The meat was tasty, lovely and tender with none of the gaminess I remembered and the sauce was divine, but although the kiddies enjoyed the meal and polished the bones of the rabbit 'wings', I would rather use chicken thighs at less than half the price.
Perhaps rabbit is cheaper in France?

So Dear Readers, have you tried rabbit before, and what did you think of it?


  1. I remember sitting down to a rabbit meal then my sister asked where our pet one was. We all refused to eat it after that even though my parents swore to us it wasnt our pet. I stil dont believe them. I dont eat rabbit. Give me beef, lamb or chicken anyday!

  2. Yum! I like rabbit. Fried like chicken, baked sealed in a cocoon of very moist dressing are my favorites, but any chicken recipe works. If you are unsure of the age of the rabbit the baked with dressing helps a lot for a tender rabbit.

    My folks raised rabbits for the table and Dad hunted them.

    Side Note: As my Dad hunted, Mom used the 'baked with very moist savory dressing' for the pheasant that he brought home. Dad always skinned his birds, less feathers to deal with and easier to find the buckshot.

  3. I think some of us might be put off by the thought of a rabbit but it looks really like a chicken!

  4. Fantastic!!!! My hubby is insisting we have rabbit again before the weather warms up :)

  5. The carrots look delicious! Guess the rabbit is missing out on them :)

  6. I noticed that Coles is starting to stock more interesting meats last year. Hehe I remember the first time we cooked with rabbit we had to specially order it from this fancy butcher. Now it's much easier!

  7. We used to trap rabbits for free, so there's no way in hell I'm paying 19 bloody dollars a kilo, lol!
    I love how you paired the rabbit with carrot, the recipe looks so tasty :)

  8. We stuck a whole rabbit into our Romertopf baker recently and it baked to delicious moistness - the boys loved it! If I cook it in pieces again, I'll have to get the butcher to cut it up for me - last time I tried it looked like it had been axe murdered! :)

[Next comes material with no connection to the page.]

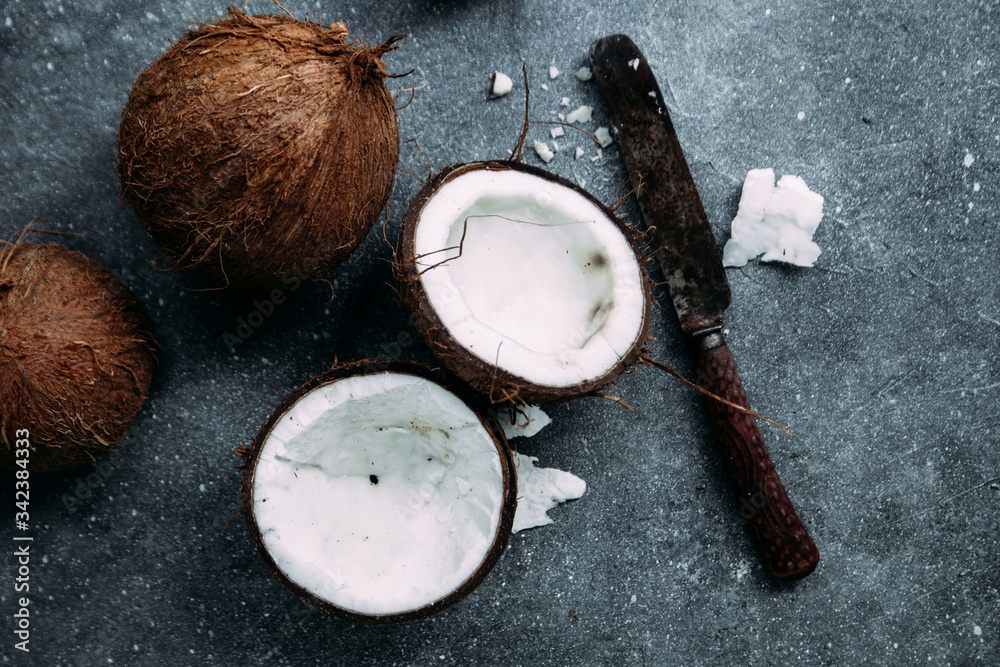 Coconuts on concrete gray background close-up Coconuts on concrete gray background close-up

  9. I can't look at my cats, stretched out in the sun, in the same way! THANKS! NOT!!! :-)

    I've eaten rabbit once. It had been smashed up by an inexpert butcher and there were chips of bone everywhere. It was unwonderful.

    But, I'm willing to have another go - and frankly, ANYTHING with bacon in, has my vote.

  10. Hello there Lovlies! What a beautiful day here today with Spring sneaking in a bit early, I hope it's here to stay. Spring also means lots of little lambs and baby bunnies, what's not to love!

    Simcha- I don't think your parents could be that mean... could they?

    Judy- I definitely think this was a nice young rabbit as it was very tender. My sister got a mouthfull of buckshot in her moose burger when she was in Canada, I have enough problem with fish bones!

    Tigerfish- I think it is just a mental image issue, I was OK except for the little bit of fluff on the end of the legs :(

    Muppy- This really is a nice recipe if you don't want to braise or stew it. I also like a nice rabbit pie.

    Chopinandmysaucepan- At least they all end up together- in my tummy :)

    Lorraine- It's much more interesting now isn't it? Our Coles has ice buckets of fresh fish in front of the counter so you can actually touch and smell them when you select your dinner- much better than hiding it behind the glass.

    JasmyneTea- I know, it's a bit expensive for a family meal! There's not a lot of meat on the bunnies either.

    Celia- Oh that's a great idea to cook it in that! I bet it was so moist and tender. The butchers make it look sooo easy, I guess practice makes perfect :)

    Ninehundred- Sorry sweetie, but I bet they wouldn't taste as nice, probably fatter though! :) I got half a duck once that was chopped up with a very blunt cleaver and was full of chips too, it put me off for ages. Yes, bacon makes the world go round:)

    Hope you have a lovely week Readers, and enjoy the weater while it lasts!

  11. That naked bunny on the chopping board looks so intimidating to me! Although I think I would like the challenge too. Love the addition of fennel seeds in this recipe - it's a spice I wouldn't think to pair with rabbit.